*** GIVEN DATA Section Begins ***

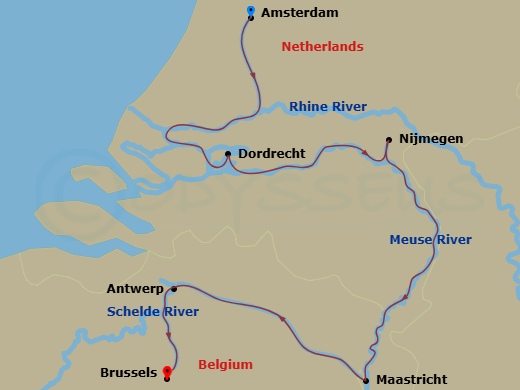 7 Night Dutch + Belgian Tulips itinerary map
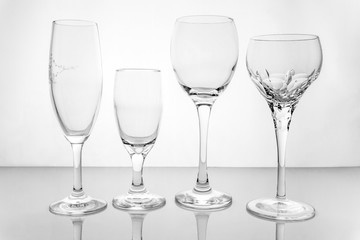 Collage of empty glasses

*** GIVEN DATA Section Ends ***
*** GIVEN DATA Section Begins ***

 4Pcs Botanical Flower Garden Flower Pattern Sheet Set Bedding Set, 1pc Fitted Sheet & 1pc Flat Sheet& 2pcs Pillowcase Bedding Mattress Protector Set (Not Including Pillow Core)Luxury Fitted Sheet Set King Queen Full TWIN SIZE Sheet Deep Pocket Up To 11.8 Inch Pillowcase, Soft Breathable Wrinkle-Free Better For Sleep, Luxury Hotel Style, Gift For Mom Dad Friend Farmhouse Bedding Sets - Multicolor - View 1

*** GIVEN DATA Section Ends ***
*** GIVEN DATA Section Begins ***

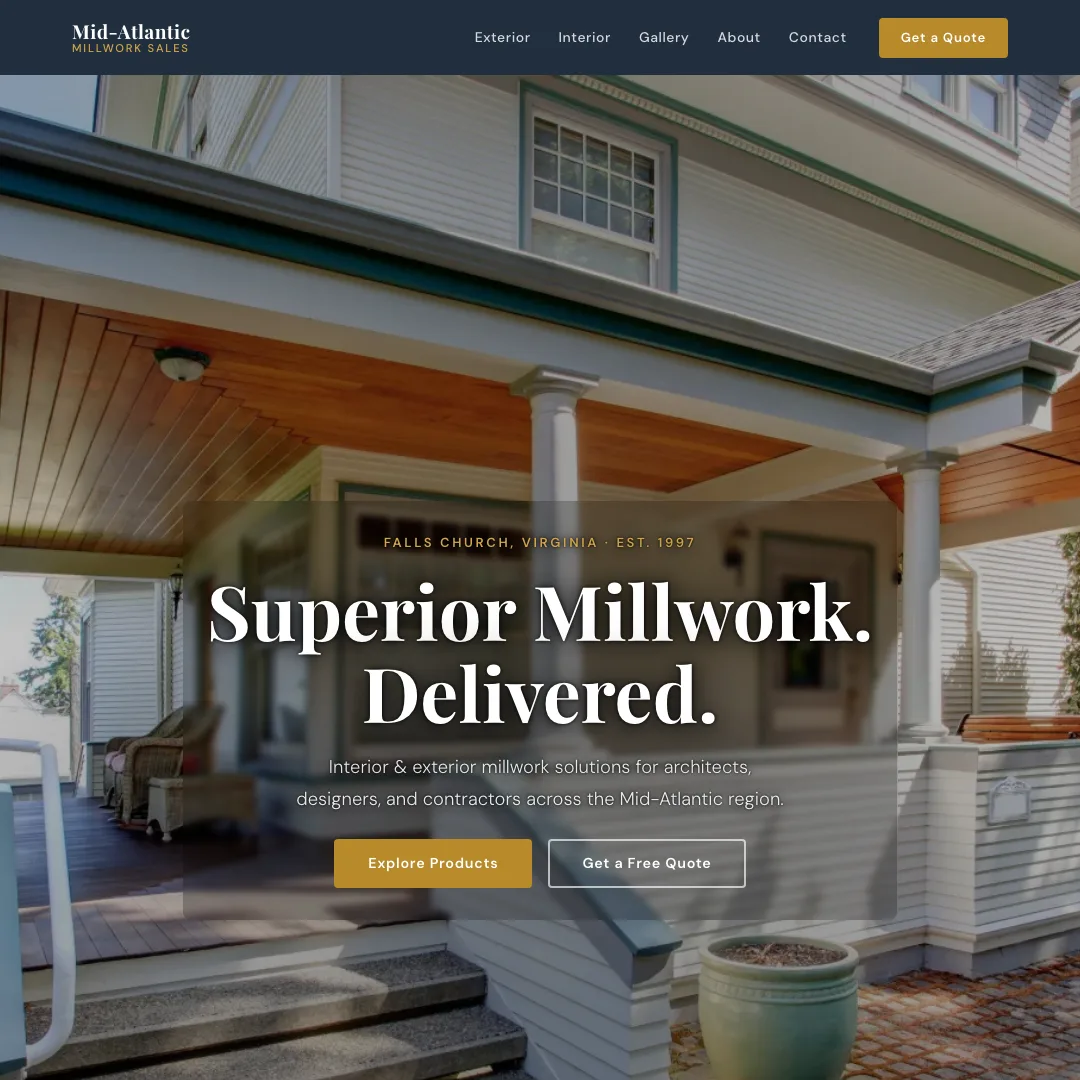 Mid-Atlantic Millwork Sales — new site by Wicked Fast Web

*** GIVEN DATA Section Ends ***

## YOUR TASK
Having found the line with "7 Night Dutch + Belgian Tulips itinerary map" and the line with "Collage of empty glasses" in the material above, write out exactly those two and every line between, leaving the pictures out.

## RESULT
 7 Night Dutch + Belgian Tulips itinerary map
 Collage of empty glasses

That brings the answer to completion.